中国の電視台(テレビ)のニュース番組のタイトル画面をみると、
「○○新聞」と表示されていて、違和感をおぼえた。
それは自分が、新聞とは印刷されたものと思い込んでいたからである。
NEWSの漢字訳が「新聞」なのだと気づけば、腑に落ちる。
新聞すなわちニュース(英語の発音は、語尾が濁る)であるのに、日本では紙媒体と電波媒体で使い分けをしているのであった。

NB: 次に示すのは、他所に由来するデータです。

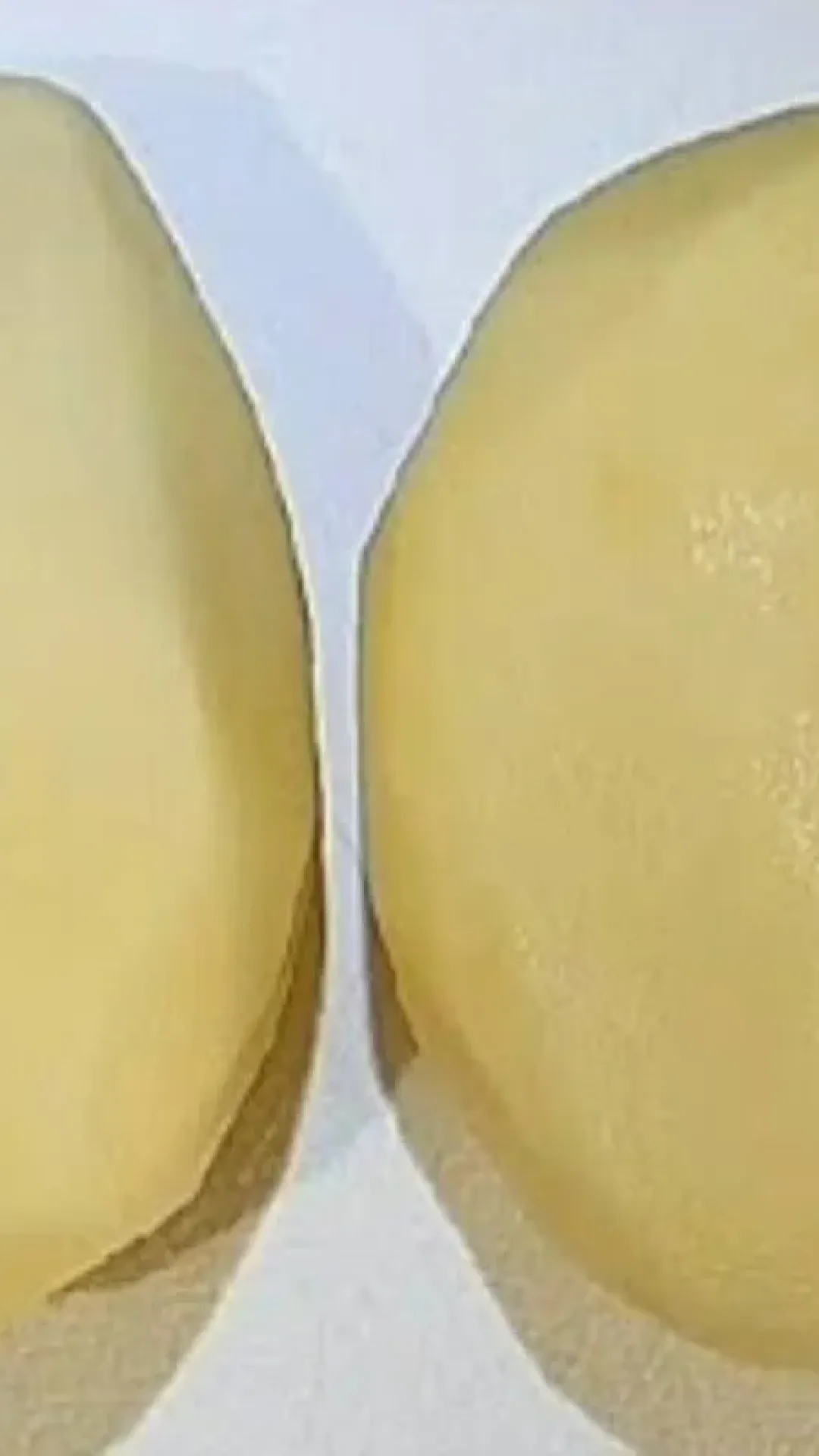 Bolinho de batata que fica delicioso com apenas 2 batatas: bem fácil de preparar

日々のニュース、つまり「Daily News」はその名のままの新聞がアメリカにある。
和訳すれば……「毎日新聞」だ!
新聞の月ぎめ購読をやめて、もう何年にもなる。
特段の不自由は感じていない。
実家の母は、どうやら惰性で購読しているようである。
こんなロクでもないニュースばっかり載ってるもんに金払て、とこぼしている。
その母から毎日曜日の朝刊をもらって、貪るように読んでいるのはこの自分である。
主たる目的は、書評である。
自分が読みたくなるような本がとりあげられることはめったにないが、さまざまな知識人が書いている評文を興味深く読んでいる。
月に一度は、朝日新聞の日曜の朝刊を買う。
別刷りの「The GLOBE」を手に入れるためだ。
紙面デザインが気に入っている。
自転車に乗って、鉄道の駅の売店まで買いに行く。
コンビニエンスストアで売られているものには、別刷りがついていない。
朝日新聞も日曜の朝刊に書評欄がある。
他紙と同じ本がとりあげられることもあるが、似たような評にならないところが面白い。
例えば、ピーター・ペジック著『近代科学の形成と音楽』(NTT出版)。
2月5日に五十嵐太郎氏(建築批評家・東北大学教授)が約800字の評を書いている。
毎日新聞1月29日には、中村陽一郎氏(東大名誉教授[科学史])も約1,500字で評を書いているのである。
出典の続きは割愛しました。